One might conclude erroneously that the reason the Lord intervened savingly on behalf of Lot and his family may be traced back to Abraham’s intercession for them (18.22-33). No doubt there is some truth to that, but Abraham’s prayer is a secondary cause at best. Moses himself tells us the reason for God’s forceful intervention. It was because “the LORD [was] being merciful to him” (19.16).
Here is sovereign mercy at work. When God asserts that “[he] will show mercy on whom [he] will show mercy (Exodus 33.19), he claims the right to intervene in whatever way is necessary in order for his glory to be displayed. In Lot’s case, it even meant being physically seized so that the mercy of God might be demonstrated.
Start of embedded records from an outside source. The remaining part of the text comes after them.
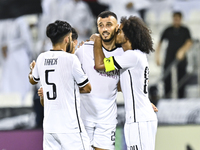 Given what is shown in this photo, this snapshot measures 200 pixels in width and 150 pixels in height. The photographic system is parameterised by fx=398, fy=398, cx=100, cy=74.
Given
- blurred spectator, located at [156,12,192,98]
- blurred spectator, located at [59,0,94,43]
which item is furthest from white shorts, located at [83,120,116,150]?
blurred spectator, located at [59,0,94,43]


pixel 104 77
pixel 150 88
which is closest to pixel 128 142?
pixel 104 77

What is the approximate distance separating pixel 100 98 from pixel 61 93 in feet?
1.50

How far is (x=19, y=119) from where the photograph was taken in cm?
613

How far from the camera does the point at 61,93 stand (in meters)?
3.06

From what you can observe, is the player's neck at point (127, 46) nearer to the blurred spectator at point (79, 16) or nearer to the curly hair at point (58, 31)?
the curly hair at point (58, 31)

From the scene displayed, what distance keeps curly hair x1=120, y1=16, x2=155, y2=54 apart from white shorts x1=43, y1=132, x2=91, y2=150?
0.85 m

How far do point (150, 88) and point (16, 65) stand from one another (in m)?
2.20

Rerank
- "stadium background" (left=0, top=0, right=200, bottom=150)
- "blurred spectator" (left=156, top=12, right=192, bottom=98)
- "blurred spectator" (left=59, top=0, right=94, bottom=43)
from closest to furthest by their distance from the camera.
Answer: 1. "stadium background" (left=0, top=0, right=200, bottom=150)
2. "blurred spectator" (left=156, top=12, right=192, bottom=98)
3. "blurred spectator" (left=59, top=0, right=94, bottom=43)

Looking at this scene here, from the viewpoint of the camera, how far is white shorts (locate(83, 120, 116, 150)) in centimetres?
341

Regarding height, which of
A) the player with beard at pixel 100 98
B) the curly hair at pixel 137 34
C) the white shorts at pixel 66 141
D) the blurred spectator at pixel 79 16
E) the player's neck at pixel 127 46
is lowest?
the white shorts at pixel 66 141

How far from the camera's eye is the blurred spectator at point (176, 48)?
20.2 feet

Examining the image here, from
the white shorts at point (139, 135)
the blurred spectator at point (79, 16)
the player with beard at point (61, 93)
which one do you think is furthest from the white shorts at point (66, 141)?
the blurred spectator at point (79, 16)

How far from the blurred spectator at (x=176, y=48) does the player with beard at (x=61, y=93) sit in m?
3.28

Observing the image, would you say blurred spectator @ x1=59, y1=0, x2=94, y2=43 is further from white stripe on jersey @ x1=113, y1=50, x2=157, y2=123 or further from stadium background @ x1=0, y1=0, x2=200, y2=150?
white stripe on jersey @ x1=113, y1=50, x2=157, y2=123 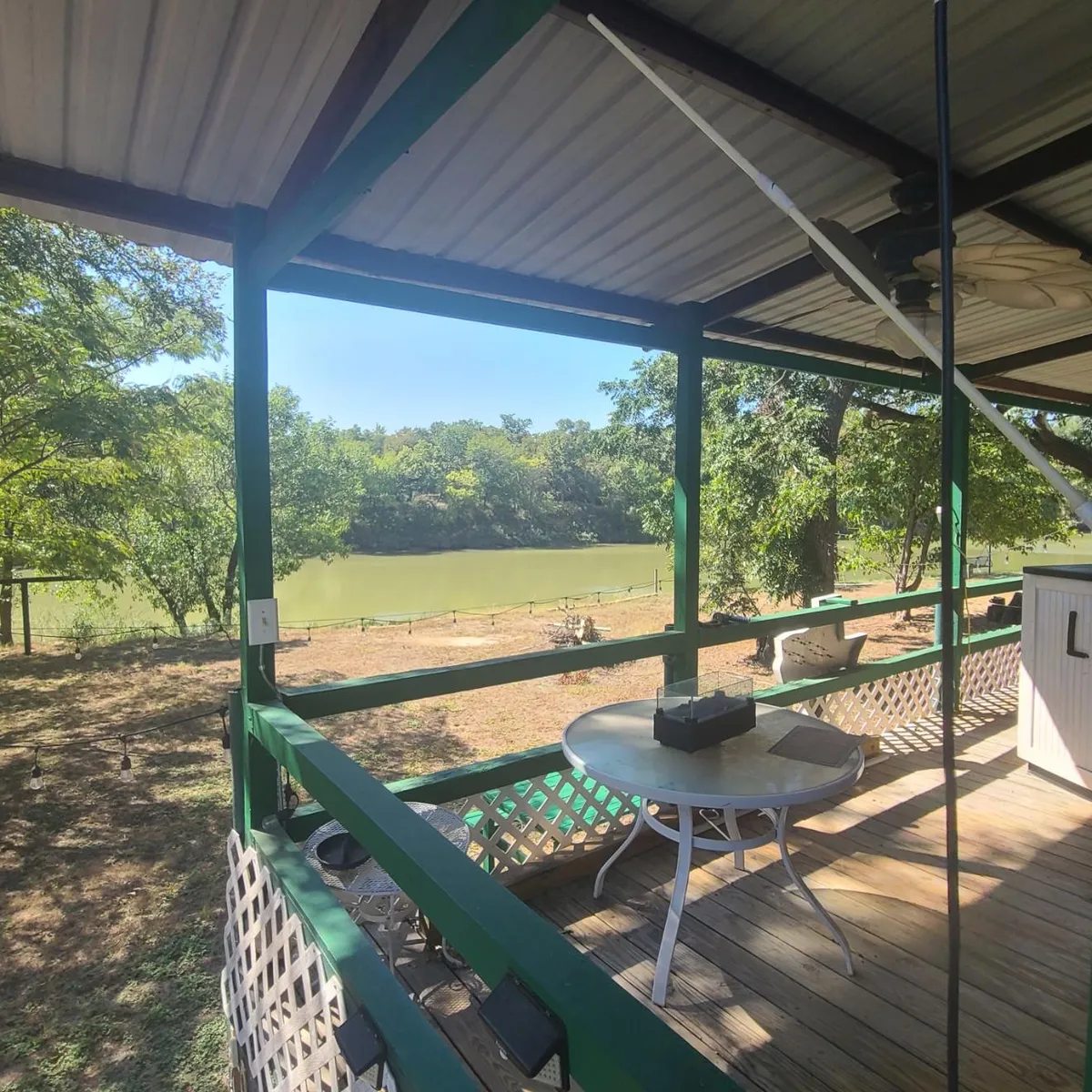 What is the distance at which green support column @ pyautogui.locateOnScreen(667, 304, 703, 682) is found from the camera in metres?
3.25

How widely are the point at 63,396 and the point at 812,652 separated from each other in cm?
611

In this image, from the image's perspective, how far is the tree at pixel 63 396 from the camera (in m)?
5.38

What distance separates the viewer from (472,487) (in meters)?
27.9

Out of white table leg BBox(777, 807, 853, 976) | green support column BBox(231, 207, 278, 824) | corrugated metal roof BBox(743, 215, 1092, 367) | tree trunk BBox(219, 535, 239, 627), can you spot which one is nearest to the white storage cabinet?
corrugated metal roof BBox(743, 215, 1092, 367)

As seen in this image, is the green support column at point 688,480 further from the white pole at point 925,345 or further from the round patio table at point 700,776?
the white pole at point 925,345

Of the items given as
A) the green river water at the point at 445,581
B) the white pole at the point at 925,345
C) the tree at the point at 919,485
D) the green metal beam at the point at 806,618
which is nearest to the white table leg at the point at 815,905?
the green metal beam at the point at 806,618

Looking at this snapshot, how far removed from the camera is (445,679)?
2.55m

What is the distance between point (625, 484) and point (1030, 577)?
16.1 m

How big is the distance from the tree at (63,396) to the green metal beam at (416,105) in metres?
4.82

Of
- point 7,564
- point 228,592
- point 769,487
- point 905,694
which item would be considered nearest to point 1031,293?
point 905,694

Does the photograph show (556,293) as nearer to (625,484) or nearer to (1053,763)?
(1053,763)

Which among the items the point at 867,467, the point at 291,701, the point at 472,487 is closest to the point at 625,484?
the point at 472,487

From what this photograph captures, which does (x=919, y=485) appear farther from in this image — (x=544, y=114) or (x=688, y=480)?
(x=544, y=114)

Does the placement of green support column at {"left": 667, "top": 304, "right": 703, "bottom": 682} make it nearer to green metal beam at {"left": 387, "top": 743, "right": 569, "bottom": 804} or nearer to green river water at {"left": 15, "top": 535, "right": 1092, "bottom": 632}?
green metal beam at {"left": 387, "top": 743, "right": 569, "bottom": 804} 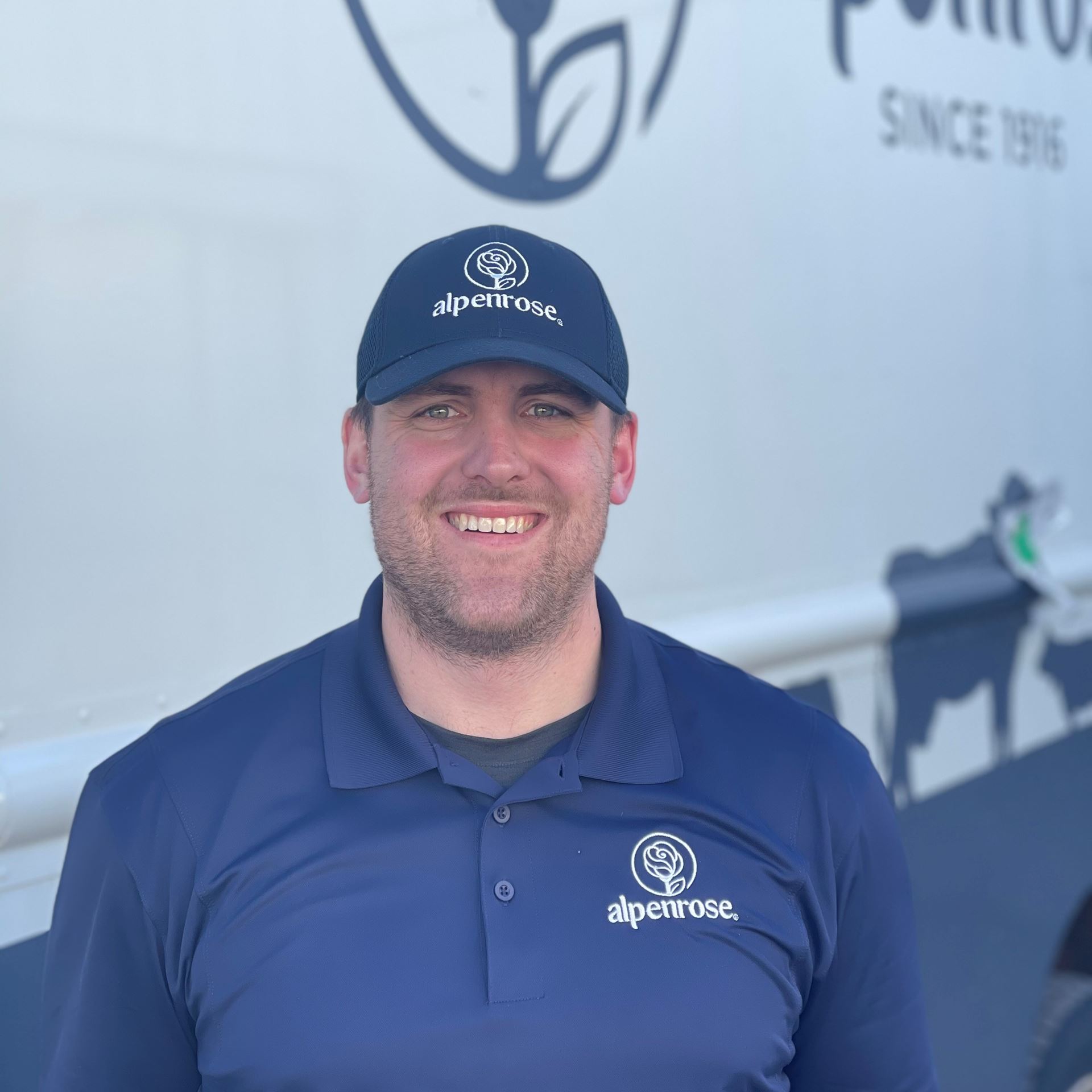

And this is great cause for us to hope today. God’s promise to show you mercy means that your failings and foibles–even your finiteness and fallenness–cannot hinder his work of sovereign grace in your behalf. He will show mercy on whomever he chooses to show mercy. And he will do whatever it takes to demonstrate that mercy to you today.
So there is no cause for arrogance for those of us who love the sovereignty of God in grace. And we will no longer struggle with condescending thoughts of those who do not see the beauty of this truth as long as we see ourselves every day as no different from Lot. We must love sovereign grace, not because it makes us superior to other believers, but because it is our only hope.